‘Last Flag Flying’ não tem a poesia da zona cinzenta que Richard Linklater tão bem sabe trabalhar
Linklater é realizador de culto, autor da trilogia de relação amorosa composta por Before Sunrise, Before Sunset e Before Midnight, e do aclamado Boyhood, que foi filmado ao longo de 12 anos, capturando o crescimento de um rapaz até à sua ida para a Universidade. Ponto comum destas obras, e maior elogio que se faz ao realizador/argumentista, é o realismo da casualidade do dia a dia que consegue imprimir nos seus filmes. Se em Boyhood, o maior elogio era esse realismo do detalhe que se prendia nos mais comuns momentos e movimentos do crescimento da criança média, na trilogia Before era o a exploração dos pequenos pormenores de uma relação amorosa, tão mundanos, tão palpáveis, e em ambos os casos tão relacionáveis com os do espectador. Ou seja, a irónica audácia do seu significado no cinema. Irónica porque nada teria de audaz descrever o banal. Foi Linklater quem soube dar o sentimento e poesia a essa linguagem realista e que acabou por tornar essas películas filmes de culto para um determinado público.

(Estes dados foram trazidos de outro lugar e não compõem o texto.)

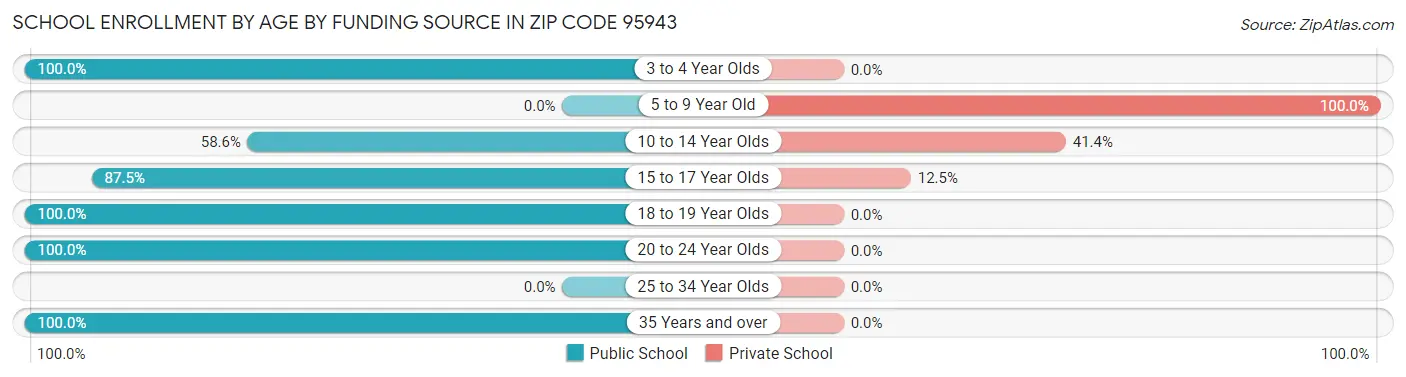 School Enrollment by Age by Funding Source in Zip Code 95943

Richard Linklater e Bryan Cranston
Em Last Flag Flying o realizador lamentavelmente não consegue atingir o realismo dos seus melhores filmes, embora se note que o propósito do filme não seja esse em primeiro plano. Linklater pretende marcar uma posição perante a guerra e o soldado. Em 2004, aquando da captura de Saddam Hussein, a personagem de Steve Carell decide procurar os seus dois grandes amigos, companheiros na guerra do Vietname há 30 anos atrás, interpretados por Bryan Cranston e Laurence Fishburne, que já não via há igual período de tempo. A ironia da trama: o filho de Carell foi morto na guerra do Iraque, e agora é preciso preparar o seu funeral. Last Flag Flying faz um bom trabalho a dirigir sem grandes pudores, ou pessimismos, a sua visão crítica da guerra, mas a favor do soldado enquanto homem e enquanto patriota. Não é comum a exploração casualista a la Linklater da personagem do veterano de guerra do Vietname, num tom francamente respirável e pouco carregado, com pitadas de humor, como acontece aqui. A relação destes 3 homens, o catalisador do filme, é agradável de observar, mas raramente consegue ter a credibilidade necessária para atingir a permeabilidade do espectador/observador.

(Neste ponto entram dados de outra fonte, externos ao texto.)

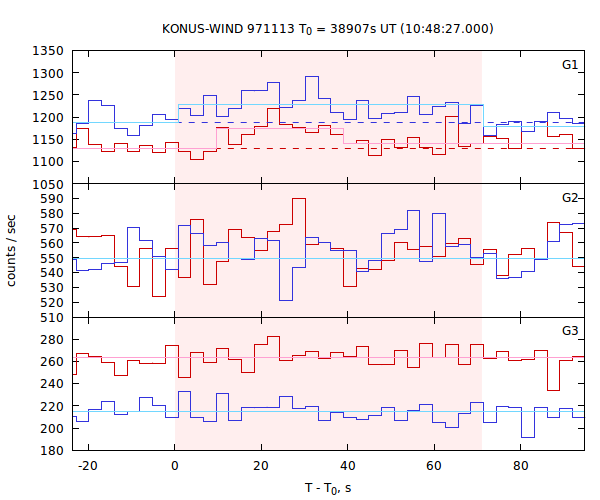 light curves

Bryan Cranston, Laurence Fishburne e Steve Carell
Cranston tem uma boa interpretação, de show-off reconhecível que, apesar de bom, apenas consegue arrancar momentos de boa química com Fishburne nos tais detalhes casualistas que pautam a relação de ambos. No meio de tudo isso, Carell, o centro gravitacional deste pequeno road movie de honestas e fortes intenções morais, torna-se paisagem pobre, torna-se apenas num pretexto para os outros brilharem. Por vezes parece que estamos a assistir a um pequeno teatro entre os três actores, galhofando e contando histórias, sempre conscientes de que o que está ali na tela são actores e não personagens. Nesta amizade triangular, os vértices estão desequilibrados, e o seu argumento torna-se fotograficamente previsível, o que é comum em Linklater, mas não a este nível tão simplório. Last Flag Flying tem uma ou duas boas ideias morais que consegue transmitir, mas que estão, infelizmente, demasiado definidas para seu próprio bem. Na tal casualidade dos acontecimentos realistas transpostos para o ecrã, falta a poesia da zona cinzenta que o realizador tão bem sabe trabalhar e que aqui acabou por deixar de lado.